Work required =>
Make an exact copy of the listing below. Pictures stay out of it.

Data provided: Begin

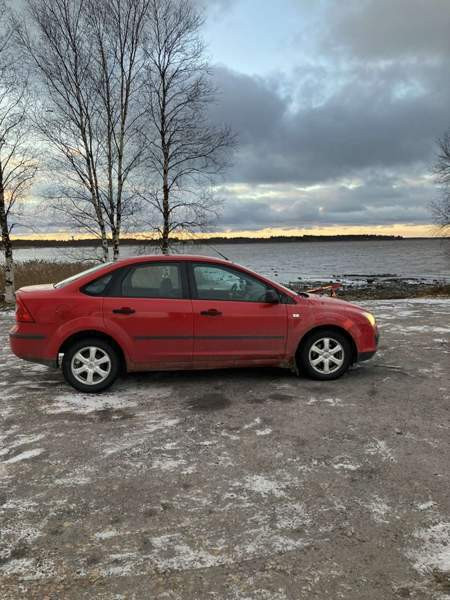 Ford Focus Oulu - valokuva 3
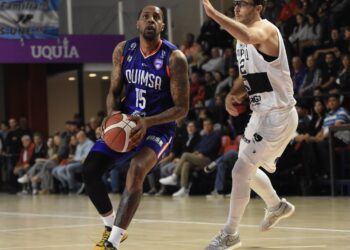 Olimpico y el nicoleño Defelippo no pudieron quedarse con el duelo de santiagueños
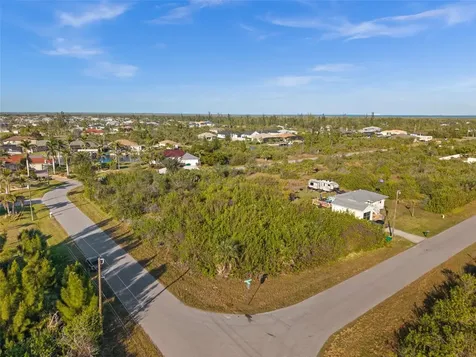 10177 Owl Head Circle Port Charlotte FL 33981
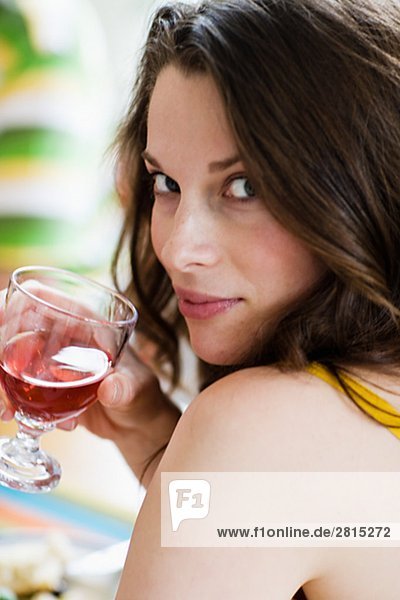 junge Frau junge Frauen Portrait Glas Wein halten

Data provided: End

Task solution =>
 Ford Focus Oulu - valokuva 3
 Olimpico y el nicoleño Defelippo no pudieron quedarse con el duelo de santiagueños
 10177 Owl Head Circle Port Charlotte FL 33981
 junge Frau junge Frauen Portrait Glas Wein halten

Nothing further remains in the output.